On 8/17/17, 6:48 AM, "[email protected] on behalf of Jan 
Scheurich" <[email protected] on behalf of 
[email protected]> wrote:

    Hi Darrell,
    
    Please find my specific comments below.
    
    I have a general concern for the pmd-stats-show counters: The output refers 
to the number of processed packets (e.g. processing cycles/pkt etc). But the 
data actually presented is the total number of *passes of packets through the 
datapath*. 
    
    In the early OVS days there was little difference, but with increasing 
amount of recirculations ( for tunnel decap, pop_mpls, bond selection, 
conntrack), nowadays each packet passes the datapath several times and the 
output becomes confusing for users, especially as it does not contain any 
indication of the average number of datapath passes per packet.
    
    I would strongly suggest that we add a new PMD stats counter for the 
actually received packets, which allows us to calculate and include the average 
number of passes per packet and true average processing cost per pkt. 
    
    What do you think?


[Darrell] This is an excellent proposal. We have had this level of 
recirculations for 3+ years, so it is nothing new, but better late to fix this 
than never.
                 Processing cycles is mainly useful for checking single flows 
and comparing relative numbers for code changes, however it is definitely 
                 better to use the actual packets received, rather than packet 
passes. 
                 I can do this enhancement/fix as part of this patch.
                 I will add the counter and go one step further and display 
both received packets and total recirculations.

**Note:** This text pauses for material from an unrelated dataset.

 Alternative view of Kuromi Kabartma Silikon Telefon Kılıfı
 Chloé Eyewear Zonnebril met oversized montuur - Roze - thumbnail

The processing cycles will be
                 based on received packets, as you pointed out.

    
    BR, Jan
    
    > The per packets stats are presently overlapping in that miss stats include
    > lost stats; make these stats non-overlapping for clarity and make this 
clear
    > in the dp_stat_type enum.  This also eliminates the need to increment two
    > 'miss' stats for a single packet.
    > 
    > The subtable lookup stats is renamed to make it clear that it relates to
    > masked lookups.
    > The stats that total to the number of packets seen are defined in
    > dp_stat_type and an api is created to total the stats in case these stats 
are
    > further divided in the future.
    > 
    > The pmd stats test is enhanced to include megaflow stats counting and
    > checking.
    > Also, miss and lost stats are annotated to make it clear what they mean.
    > 
    > Signed-off-by: Darrell Ball <[email protected]>
    > ---
    >  lib/dpif-netdev.c | 78 ++++++++++++++++++++++++++++++++++--------------
    > -------
    >  tests/pmd.at      | 31 +++++++++++++++++-----
    >  2 files changed, 74 insertions(+), 35 deletions(-)
    > 
    > diff --git a/lib/dpif-netdev.c b/lib/dpif-netdev.c index 17e1666..dfc6684
    > 100644
    > --- a/lib/dpif-netdev.c
    > +++ b/lib/dpif-netdev.c
    > @@ -323,12 +323,19 @@ static struct dp_netdev_port
    > *dp_netdev_lookup_port(const struct dp_netdev *dp,
    >      OVS_REQUIRES(dp->port_mutex);
    > 
    >  enum dp_stat_type {
    > -    DP_STAT_EXACT_HIT,          /* Packets that had an exact match (emc).
    > */
    > -    DP_STAT_MASKED_HIT,         /* Packets that matched in the flow 
table.
    > */
    > -    DP_STAT_MISS,               /* Packets that did not match. */
    > -    DP_STAT_LOST,               /* Packets not passed up to the client. 
*/
    > -    DP_STAT_LOOKUP_HIT,         /* Number of subtable lookups for flow
    > table
    > -                                   hits */
    > +    DP_STAT_EXACT_HIT,  /* Packets that had an exact match (emc). */
    > +    DP_STAT_MASKED_HIT, /* Packets that matched in the flow table. */
    > +    DP_STAT_MISS,       /* Packets that did not match and upcall was
    > +                           done. */
    > +    DP_STAT_LOST,       /* Packets that did not match and upcall was
    > +                           not done. */
    
    If I understand the implementation correctly, this counts packets for which 
an upcall was done but failed so that the packet was dropped. There are no 
packets with a miss for which we currently do not do an upcall. Why do you 
suggest to change the meaning of the counter?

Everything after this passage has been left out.